7 trends changing the face of online distribution

Online clothing and footwear sales are set to continue to rise at a rapid pace over the next few years – yet constant innovation is key if retailers are to remain relevant in this fast-changing environment. Here are seven key trends set to have a significant impact on the online marketplace in the future.


7 trends changing the face of online distribution


7 trends of online distribution


#1: Online growth is being driven by mobile.


This is forecast to rise 91.3% over next five years. “A mobile-first approach is absolutely essential and must be invested in. Where retailers are struggling to choose which areas deserve their cash, mobile should, without a doubt, be the first priority. Innovation needs to be constant. Connected consumers demand convenience, so frequent innovation is necessary to improve the shopping experience.”


#2: The rise of delivery saver schemes.


These offer unlimited delivery for a set period of time for a set price. Some examples include Amazon Prime, Asos Premier, and Next Unlimited. 59.2% of Asos Premier members say they shop more since signing up. “Retailers launch them to drive loyalty and ensure they are the first port of call for consumers, and it is paying off for them. Retailers should introduce these to drive frequency, and additional benefits could be added such as music options, or complimentary discounts. But retailers must be prepared for higher returns.”


#3: The ever-growing threat of Amazon.


It is the fifth largest retailer in the UK now. If retailers are to compete against the online behemoth, Willmott says they really must show what Amazon cannot do. “They must highlight their strengths to their customers – whether this is expert customer service or authority in their sector. Demonstrate your customer credentials to ensure customers keep coming back to you rather than switch to Amazon.” She suggests retailers also use Amazon as a selling channel, like New Look, Ted Baker and Debenhams are doing.


#4: Increased fulfillment options.


Market leaders are increasingly offering an improved choice of fulfillment options such as same-day home delivery, instant click and collect, and third-party pickup. What does it mean for a retailer? “Consumer expectations are rising and if retailers don’t have a strong choice of fulfillment options relevant to their shopper base, shoppers will go elsewhere. Logistics processes must be reviewed to drive efficiencies and save costs where possible.”


#5: ‘See now, buy now’ shopping mentality.
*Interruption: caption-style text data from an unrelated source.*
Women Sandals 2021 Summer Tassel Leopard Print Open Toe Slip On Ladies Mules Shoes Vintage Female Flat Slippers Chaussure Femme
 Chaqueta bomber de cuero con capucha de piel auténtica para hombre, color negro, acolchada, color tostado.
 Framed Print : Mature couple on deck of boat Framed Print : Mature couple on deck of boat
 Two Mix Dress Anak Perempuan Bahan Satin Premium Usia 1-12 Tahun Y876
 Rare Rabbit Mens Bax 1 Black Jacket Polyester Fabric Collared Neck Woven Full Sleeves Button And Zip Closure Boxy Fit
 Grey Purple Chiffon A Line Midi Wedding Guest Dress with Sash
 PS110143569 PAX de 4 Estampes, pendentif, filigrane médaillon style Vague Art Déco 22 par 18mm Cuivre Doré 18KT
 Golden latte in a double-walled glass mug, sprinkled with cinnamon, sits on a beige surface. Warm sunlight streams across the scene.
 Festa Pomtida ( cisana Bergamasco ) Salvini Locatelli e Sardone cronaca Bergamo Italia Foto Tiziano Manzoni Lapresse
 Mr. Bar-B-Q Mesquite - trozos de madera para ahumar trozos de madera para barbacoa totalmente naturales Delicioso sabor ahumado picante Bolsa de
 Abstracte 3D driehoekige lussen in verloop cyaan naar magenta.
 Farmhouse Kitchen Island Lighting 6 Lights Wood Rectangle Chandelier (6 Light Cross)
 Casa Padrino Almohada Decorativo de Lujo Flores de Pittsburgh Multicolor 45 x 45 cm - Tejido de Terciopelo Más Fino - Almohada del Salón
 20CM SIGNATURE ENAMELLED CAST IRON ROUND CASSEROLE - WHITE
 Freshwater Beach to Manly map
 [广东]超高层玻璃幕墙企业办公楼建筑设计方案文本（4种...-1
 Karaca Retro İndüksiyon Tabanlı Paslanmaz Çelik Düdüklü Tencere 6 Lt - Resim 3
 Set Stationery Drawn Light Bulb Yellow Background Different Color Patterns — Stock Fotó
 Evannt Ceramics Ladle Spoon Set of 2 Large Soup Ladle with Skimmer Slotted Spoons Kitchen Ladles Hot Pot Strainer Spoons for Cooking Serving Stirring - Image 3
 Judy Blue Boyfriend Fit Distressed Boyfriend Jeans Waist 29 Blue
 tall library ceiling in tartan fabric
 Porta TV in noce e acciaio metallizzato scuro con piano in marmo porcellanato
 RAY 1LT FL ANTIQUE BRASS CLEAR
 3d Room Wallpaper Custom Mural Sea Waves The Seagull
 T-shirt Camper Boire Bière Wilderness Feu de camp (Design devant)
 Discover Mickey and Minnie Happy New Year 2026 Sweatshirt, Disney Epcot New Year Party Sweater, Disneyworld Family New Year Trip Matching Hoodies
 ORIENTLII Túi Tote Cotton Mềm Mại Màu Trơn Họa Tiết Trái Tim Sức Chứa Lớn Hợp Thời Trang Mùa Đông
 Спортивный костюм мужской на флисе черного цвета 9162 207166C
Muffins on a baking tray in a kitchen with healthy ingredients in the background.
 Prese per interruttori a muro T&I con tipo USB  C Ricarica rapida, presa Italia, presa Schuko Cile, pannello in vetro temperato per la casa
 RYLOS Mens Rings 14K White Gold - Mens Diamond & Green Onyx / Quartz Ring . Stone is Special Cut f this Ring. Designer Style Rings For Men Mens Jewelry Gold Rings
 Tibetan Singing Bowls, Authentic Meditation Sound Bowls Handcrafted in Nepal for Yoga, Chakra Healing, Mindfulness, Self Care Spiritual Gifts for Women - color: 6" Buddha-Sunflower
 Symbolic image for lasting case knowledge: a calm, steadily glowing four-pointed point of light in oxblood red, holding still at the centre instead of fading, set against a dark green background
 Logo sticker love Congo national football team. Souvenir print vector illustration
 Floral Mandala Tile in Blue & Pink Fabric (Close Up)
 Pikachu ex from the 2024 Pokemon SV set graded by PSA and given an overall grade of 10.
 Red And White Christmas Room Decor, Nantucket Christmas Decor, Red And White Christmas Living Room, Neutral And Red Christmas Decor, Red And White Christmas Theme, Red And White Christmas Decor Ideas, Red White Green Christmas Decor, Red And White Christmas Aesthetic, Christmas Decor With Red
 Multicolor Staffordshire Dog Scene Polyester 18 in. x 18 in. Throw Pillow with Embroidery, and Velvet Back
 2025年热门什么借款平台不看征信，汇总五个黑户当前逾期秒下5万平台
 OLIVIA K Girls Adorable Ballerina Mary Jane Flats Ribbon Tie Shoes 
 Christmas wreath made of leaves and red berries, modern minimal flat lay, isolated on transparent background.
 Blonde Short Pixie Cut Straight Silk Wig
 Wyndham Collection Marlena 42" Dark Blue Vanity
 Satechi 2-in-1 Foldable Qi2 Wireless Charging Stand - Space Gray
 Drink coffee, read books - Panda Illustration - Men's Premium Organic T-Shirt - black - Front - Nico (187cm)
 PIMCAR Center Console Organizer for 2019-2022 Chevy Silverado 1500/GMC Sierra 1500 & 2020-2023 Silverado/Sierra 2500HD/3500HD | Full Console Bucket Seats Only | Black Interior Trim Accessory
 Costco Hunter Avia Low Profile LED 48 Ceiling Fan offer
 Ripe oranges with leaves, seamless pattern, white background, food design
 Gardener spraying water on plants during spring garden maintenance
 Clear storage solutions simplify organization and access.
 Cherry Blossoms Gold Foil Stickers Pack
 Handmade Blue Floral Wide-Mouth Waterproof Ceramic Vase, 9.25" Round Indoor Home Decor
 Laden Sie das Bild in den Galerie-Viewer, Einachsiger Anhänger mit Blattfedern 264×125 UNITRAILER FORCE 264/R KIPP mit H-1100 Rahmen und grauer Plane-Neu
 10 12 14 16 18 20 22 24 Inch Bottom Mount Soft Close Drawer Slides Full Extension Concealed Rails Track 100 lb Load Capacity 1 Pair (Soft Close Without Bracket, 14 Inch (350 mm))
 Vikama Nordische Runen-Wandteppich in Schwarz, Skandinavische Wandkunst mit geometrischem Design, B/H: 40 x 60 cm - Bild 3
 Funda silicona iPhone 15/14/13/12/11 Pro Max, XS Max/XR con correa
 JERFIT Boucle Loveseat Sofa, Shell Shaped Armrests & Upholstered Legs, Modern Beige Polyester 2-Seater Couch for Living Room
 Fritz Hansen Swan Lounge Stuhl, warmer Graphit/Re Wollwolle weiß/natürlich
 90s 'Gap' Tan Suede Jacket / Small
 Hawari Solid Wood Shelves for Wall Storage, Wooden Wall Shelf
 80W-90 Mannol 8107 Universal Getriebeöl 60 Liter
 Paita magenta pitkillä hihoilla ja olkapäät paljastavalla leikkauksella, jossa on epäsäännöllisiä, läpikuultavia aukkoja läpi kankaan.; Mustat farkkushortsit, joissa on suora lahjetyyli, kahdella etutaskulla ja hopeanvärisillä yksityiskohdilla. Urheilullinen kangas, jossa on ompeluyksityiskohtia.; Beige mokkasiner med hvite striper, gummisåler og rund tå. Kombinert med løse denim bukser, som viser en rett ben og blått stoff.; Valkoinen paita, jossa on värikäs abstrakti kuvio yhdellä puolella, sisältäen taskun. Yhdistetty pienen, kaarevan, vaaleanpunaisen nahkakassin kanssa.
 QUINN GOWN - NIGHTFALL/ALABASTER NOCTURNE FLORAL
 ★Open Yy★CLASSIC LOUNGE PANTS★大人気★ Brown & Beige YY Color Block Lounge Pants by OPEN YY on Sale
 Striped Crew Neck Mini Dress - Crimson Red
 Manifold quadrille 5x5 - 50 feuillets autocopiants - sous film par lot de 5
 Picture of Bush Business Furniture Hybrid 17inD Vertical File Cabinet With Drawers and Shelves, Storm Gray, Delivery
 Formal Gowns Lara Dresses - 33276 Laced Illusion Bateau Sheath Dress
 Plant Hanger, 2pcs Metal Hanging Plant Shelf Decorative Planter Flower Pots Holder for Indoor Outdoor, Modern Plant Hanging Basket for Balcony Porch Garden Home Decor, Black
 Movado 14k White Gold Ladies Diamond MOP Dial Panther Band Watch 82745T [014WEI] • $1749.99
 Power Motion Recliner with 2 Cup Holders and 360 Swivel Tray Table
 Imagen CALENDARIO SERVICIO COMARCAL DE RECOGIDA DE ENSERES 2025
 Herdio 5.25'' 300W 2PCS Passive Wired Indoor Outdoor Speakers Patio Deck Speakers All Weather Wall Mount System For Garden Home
Consumers now want instant gratification, so products they see highlighted on blogs, on Instagram, for example. Willmott says this means retailers should only be highlighting products that are in-stock and available to buy right now, whether that’s on social media, or on their website. “Products advertised must be available to buy instantly so social media posts and website content must be focused on items that are in stock. And content must be updated frequently. Shoppers aren’t buying for the future anymore; they’re buying for the here and now.”


#6 Online marketplaces as a new revenue stream.


While retailers like New Look, Ted Baker and Debenhams are using Amazon to drive their online sales and increase their brand reach globally, Willmott says brand identity must be protected: ie how products are being shown on the website, how imagery looks so it is in-line with the retailer’s ideal view of the brand. And ranges must be kept limited so consumers still have an incentive to go to the retailer’s own website where they can drive higher margins.


#7 Technological innovations.


The rate of change in technological development is doubling with pure-plays rolling out releases much more quickly than multi-channel retailers. Boohoo, for example, now has a visual search, identifying behavior in its young customer base. Amazon is trialling drone deliveries, while the use of Artificial Intelligence is growing within retail, with chatbots responding to consumer queries, for example. The use of voice-assisted shopping is also set to grow over the next five years. Amazon is pushing its Echo and Echo Show devices. Although, as Willmott points out, 14.1% of Amazon shoppers own an Echo but they are not using it to shop. This, she says, will be a growing part of the market.


“The online clothing and footwear market will continue to rise at a rapid pace over the next few years and this will really be driven by mobile. Constant innovation is key to remain relevant in a fast market and retailers should be trialling rewarding enhancements that are relevant to their customer base. Innovative technology is vital, such as visual search and AI, and the online channel overall must be enhanced to capture the area of the market that is growing.”